■ What needs to be done: Using the records below, please work out how many lines contain "Sunset"; answer with the number alone.

····················

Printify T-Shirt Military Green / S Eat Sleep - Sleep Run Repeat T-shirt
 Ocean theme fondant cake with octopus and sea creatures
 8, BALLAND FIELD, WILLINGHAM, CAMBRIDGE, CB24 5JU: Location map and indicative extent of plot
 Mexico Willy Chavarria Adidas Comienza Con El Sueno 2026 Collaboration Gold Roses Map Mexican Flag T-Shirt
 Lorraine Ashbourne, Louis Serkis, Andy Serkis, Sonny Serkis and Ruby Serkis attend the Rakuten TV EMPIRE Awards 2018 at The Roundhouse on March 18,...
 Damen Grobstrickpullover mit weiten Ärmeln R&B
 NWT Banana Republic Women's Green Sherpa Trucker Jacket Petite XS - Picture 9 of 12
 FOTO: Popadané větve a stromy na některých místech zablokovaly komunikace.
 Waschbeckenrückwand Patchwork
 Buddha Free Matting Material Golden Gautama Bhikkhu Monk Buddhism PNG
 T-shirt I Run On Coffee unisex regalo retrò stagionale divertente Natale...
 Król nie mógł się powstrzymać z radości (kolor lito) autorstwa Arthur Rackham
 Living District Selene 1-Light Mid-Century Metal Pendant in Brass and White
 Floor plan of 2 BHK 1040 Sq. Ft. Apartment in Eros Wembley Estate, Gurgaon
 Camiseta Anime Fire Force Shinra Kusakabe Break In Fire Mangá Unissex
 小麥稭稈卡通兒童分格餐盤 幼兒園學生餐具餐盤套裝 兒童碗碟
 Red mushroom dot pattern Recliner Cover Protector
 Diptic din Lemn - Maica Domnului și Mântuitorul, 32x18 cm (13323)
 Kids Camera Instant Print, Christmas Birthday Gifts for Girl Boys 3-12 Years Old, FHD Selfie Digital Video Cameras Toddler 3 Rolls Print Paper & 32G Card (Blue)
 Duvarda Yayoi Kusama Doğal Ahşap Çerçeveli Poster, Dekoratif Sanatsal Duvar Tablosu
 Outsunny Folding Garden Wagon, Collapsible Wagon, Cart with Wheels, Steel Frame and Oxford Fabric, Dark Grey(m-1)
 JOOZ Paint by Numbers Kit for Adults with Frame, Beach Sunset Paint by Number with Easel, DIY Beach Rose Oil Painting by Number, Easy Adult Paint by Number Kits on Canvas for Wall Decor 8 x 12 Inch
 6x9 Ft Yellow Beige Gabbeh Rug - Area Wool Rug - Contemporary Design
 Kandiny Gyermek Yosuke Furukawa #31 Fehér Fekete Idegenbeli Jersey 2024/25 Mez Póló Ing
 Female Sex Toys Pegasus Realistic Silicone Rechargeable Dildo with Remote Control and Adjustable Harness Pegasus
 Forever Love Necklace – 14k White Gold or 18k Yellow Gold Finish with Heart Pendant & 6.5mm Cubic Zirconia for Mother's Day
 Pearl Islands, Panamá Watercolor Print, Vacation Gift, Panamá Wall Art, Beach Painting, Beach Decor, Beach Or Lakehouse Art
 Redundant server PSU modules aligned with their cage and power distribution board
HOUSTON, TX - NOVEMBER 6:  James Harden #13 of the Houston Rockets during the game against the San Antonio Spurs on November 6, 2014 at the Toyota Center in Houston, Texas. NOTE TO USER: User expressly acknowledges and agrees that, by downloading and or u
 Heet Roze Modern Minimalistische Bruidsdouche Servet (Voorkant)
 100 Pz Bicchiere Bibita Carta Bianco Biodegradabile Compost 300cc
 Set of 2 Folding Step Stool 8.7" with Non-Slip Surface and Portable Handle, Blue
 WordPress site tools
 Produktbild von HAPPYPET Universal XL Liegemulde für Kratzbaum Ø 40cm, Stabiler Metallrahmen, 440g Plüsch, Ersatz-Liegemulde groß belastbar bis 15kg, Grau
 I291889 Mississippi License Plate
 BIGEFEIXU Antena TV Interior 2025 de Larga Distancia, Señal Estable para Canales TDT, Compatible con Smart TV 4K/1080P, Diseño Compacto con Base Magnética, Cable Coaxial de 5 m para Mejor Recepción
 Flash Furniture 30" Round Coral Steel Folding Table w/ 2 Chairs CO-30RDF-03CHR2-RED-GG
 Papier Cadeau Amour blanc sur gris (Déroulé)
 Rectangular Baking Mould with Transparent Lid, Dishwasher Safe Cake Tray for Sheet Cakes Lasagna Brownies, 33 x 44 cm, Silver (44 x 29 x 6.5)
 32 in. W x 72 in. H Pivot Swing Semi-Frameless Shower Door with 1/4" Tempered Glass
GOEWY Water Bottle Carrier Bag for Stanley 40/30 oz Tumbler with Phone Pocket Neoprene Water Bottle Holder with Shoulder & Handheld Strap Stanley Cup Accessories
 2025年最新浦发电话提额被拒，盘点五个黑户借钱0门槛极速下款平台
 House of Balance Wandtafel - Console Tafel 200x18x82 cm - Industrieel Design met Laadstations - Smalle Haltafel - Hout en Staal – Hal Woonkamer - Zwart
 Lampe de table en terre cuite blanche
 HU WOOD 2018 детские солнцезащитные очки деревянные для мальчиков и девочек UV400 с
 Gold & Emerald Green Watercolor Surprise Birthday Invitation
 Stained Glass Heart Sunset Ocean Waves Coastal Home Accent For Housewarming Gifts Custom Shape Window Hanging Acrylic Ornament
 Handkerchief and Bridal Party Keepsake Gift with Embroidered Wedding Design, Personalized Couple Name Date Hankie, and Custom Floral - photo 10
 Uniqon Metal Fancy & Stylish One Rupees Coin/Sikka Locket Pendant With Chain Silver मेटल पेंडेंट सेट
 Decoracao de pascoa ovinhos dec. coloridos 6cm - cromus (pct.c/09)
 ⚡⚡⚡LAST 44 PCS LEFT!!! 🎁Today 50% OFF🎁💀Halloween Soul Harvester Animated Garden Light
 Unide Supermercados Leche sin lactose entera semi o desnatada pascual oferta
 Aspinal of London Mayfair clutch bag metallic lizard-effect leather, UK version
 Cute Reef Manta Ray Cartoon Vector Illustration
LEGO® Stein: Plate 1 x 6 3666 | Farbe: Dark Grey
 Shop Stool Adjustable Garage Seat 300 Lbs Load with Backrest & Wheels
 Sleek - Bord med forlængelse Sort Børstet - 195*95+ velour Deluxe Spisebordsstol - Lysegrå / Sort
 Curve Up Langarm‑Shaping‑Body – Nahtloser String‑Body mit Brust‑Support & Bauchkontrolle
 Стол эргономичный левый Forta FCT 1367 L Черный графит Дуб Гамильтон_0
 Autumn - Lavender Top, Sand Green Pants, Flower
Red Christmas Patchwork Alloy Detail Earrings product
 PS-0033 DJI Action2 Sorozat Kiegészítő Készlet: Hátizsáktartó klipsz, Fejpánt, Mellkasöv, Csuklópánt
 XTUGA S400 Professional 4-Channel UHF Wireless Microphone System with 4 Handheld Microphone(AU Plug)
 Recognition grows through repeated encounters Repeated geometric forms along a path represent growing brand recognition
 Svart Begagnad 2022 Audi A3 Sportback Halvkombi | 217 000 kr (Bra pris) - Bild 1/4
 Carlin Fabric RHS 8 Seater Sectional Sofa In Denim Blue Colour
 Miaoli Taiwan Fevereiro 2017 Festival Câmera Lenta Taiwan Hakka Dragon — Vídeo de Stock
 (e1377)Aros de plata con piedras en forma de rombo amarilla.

····················

■ Solution to this problem: 2